*Problem to solve*
Return the data below unaltered, but strip out the pictures.

*Recorded data*
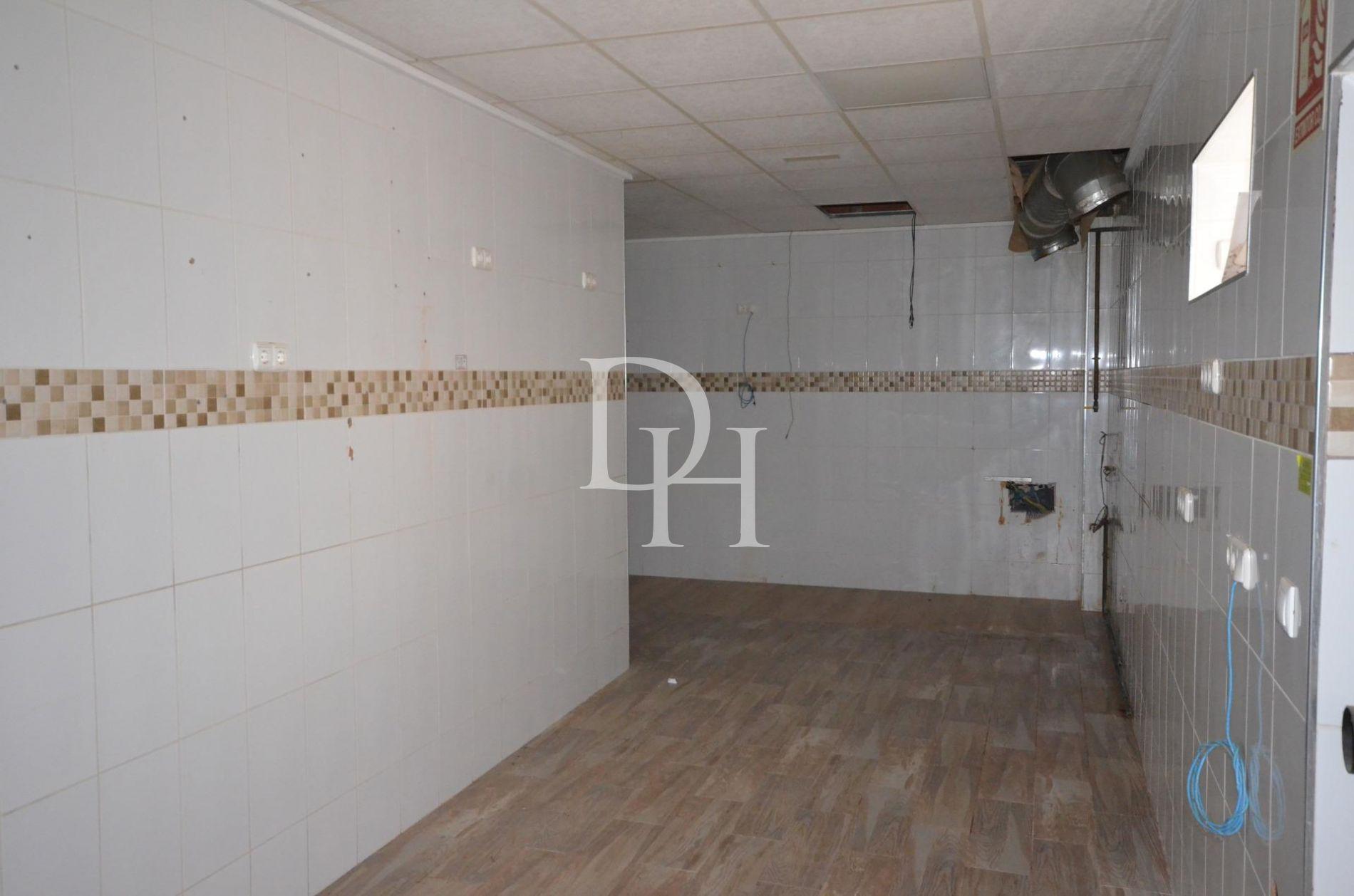 Коммерческая, Испания, регион Валенсия, Торревьеха, 375 000 € фото 14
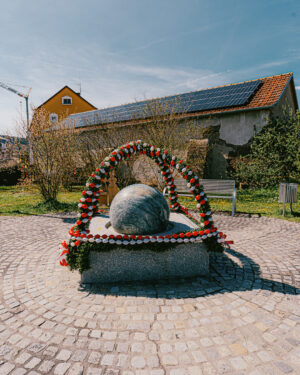 Trautkskirchen Osterbrunnen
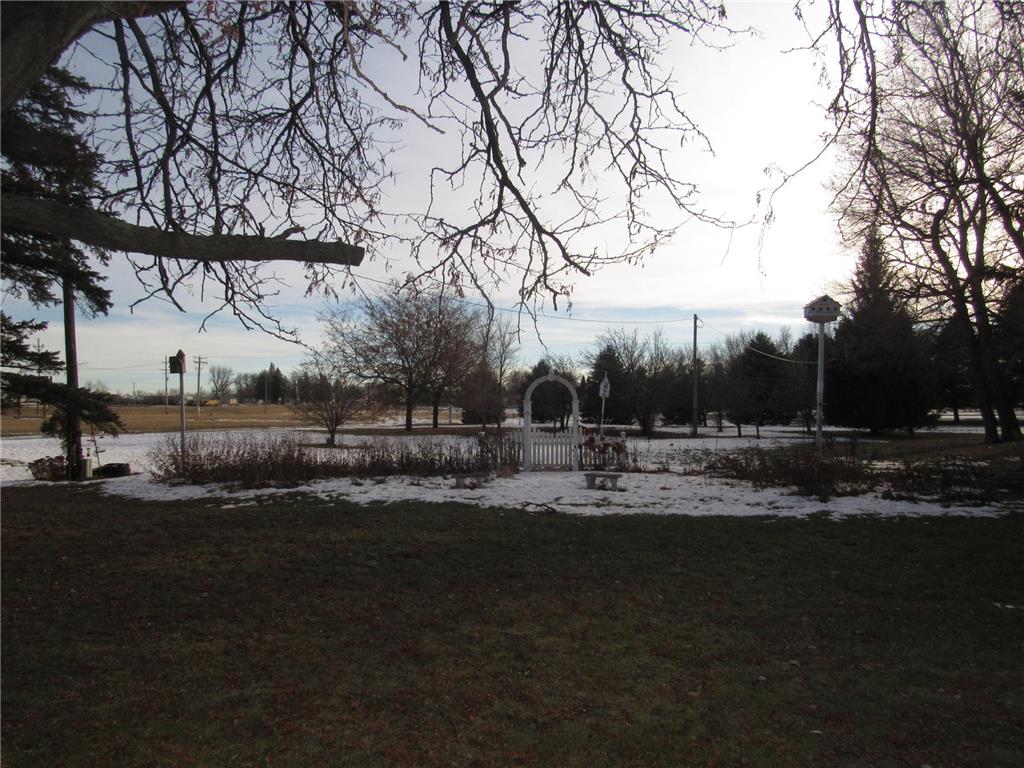 411 Front Street E Fulda MN 56131 6819988 image27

*Result for this exercise*
 Коммерческая, Испания, регион Валенсия, Торревьеха, 375 000 € фото 14
 Trautkskirchen Osterbrunnen
 411 Front Street E Fulda MN 56131 6819988 image27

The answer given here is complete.